A key issue is that much of the liquid wealth that farmers acquired during corn's boom years will be gone by year-end, some economists now predict. Without a strong financial buffer, some farm operators will need to make serious course corrections to qualify for financing in 2017. That could set the stage for more cost cutting, farmland sales and downsizings in the year ahead.
"Despite record yields, the national average revenue from the 2016 corn crop is estimated at just $552 per acre, or just 60% of the peak in 2011 and the lowest since 2006," Farm Credit Administration economists Steve Koenig and Dennis Shields wrote in an Aug. 31 report. "For many corn producers, crop revenue plus county Agriculture Risk Coverage (ARC) payments will not cover total production costs for the fourth year in a row." They expect the largest revenue losses might occur in states like Ohio and South Dakota, where subpar 2017 yields are expected.
If USDA estimates of a $3.15 per bu. season average cash price for corn materializes, the FCA economists believe about 88% of corn farms can cover their operating costs, but a mere 17% are able to cover total costs this season, including land.
The first item lenders monitor is how much working capital growers hold, in case they need to fund cash shortfalls from operations. Based on Illinois farm business records, University of Illinois economist Gary Schnitkey estimates in a recent farmdoc daily post that most of the extra working capital reserves his state's farmers built during high-income years from 2007 to 2013 will be depleted by year-end. That would make working capital levels comparable to the low income years of 1996 to 2006.
That's not a disaster, but it does make finances fragile for below-average operators.

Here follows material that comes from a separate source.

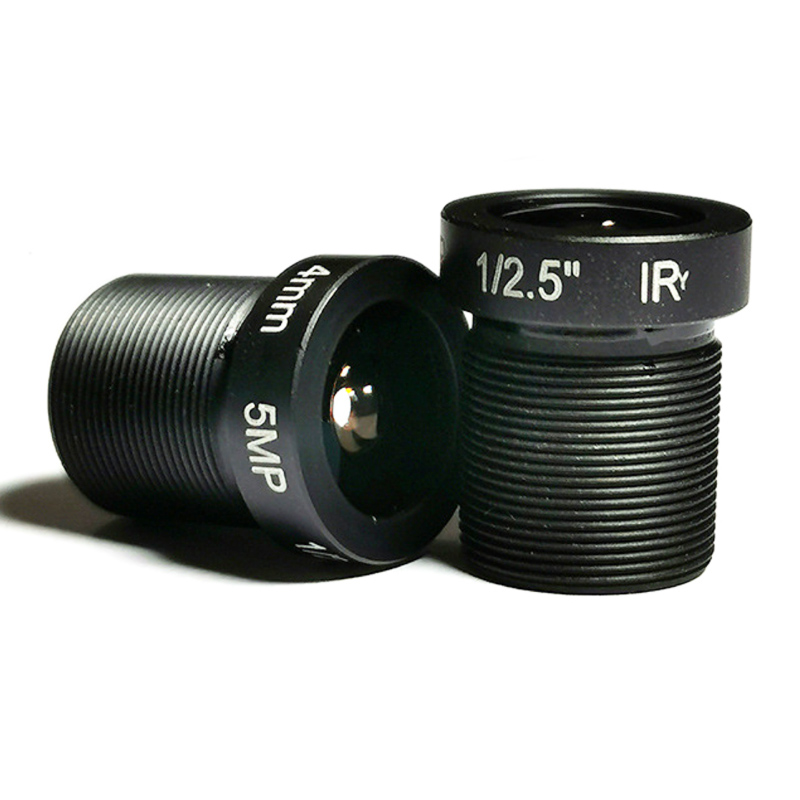 Jak wybrać idealny obiektyw M12 do matrycy 1/2,7 cala: jak uniknąć pułapek „winietowania” i „miękkiej krawędzi”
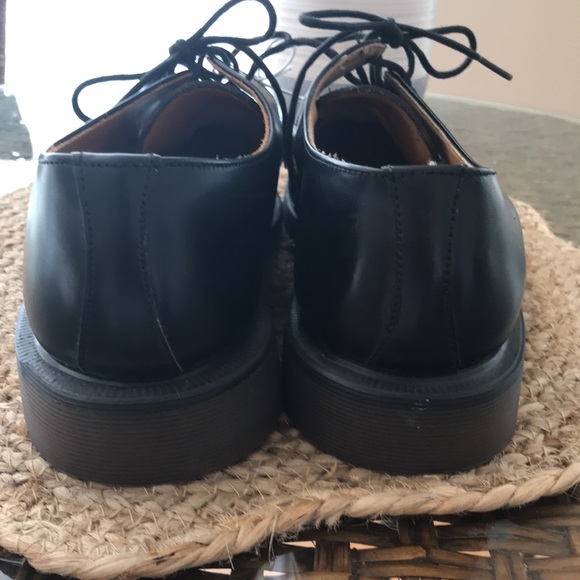COPY - Dr. Martens black pointy dress shoes size 9 NWOT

Earlier farmdoc posts show "In 2015 and 2016, [Illinois] working capital reserves were used to fund cash shortfalls coming from operations," Schnitkey reports. "If prices remain low through 2017, means other than reducing working capital likely will be needed to address cash shortfalls."
Evan Hahn, a senior agricultural analyst who covers large farm and agribusiness accounts for Farm Credit Mid-America in southwest Ohio, encourages borrowers to reach out to lenders early.
"I don’t think it's total gloom and doom, but don't wait until end of year or when you need funds to prepay things to talk with us," Hahn says. "Don't wait until next year and the beginning of the operating cycle and say here's how bad it was."
Farm Credit Mid-America's minimum working capital levels for full-time grain operations are 20% of gross revenue, so if an operator's normal sales are $1 million, they'd require $200,000 in working capital to meet financial standards.
It gets back to communication, and a talk about how another year or possibly two could erode a grower's position, Hahn says. "If they are just expected to lose a little, and they have a cost structure to be competitive and not lose money year-over-year, that will open up options to potentially rebalance the balance sheet."
What's different about this situation versus the 1980s is that growers are carrying much better equity and net worth positions, Hahn adds. With low, fixed interest rates still available, workouts are possible.
"I can't stress enough just to have communication with your lender," Hahn says. "We like to have conversations with borrowers early and often. And it needs to be open and honest both ways. Farmers need to be realistic about expectations of what they can do, and their lenders vice versa. Lenders need to be realistic about what the farmer can achieve in a given year's time."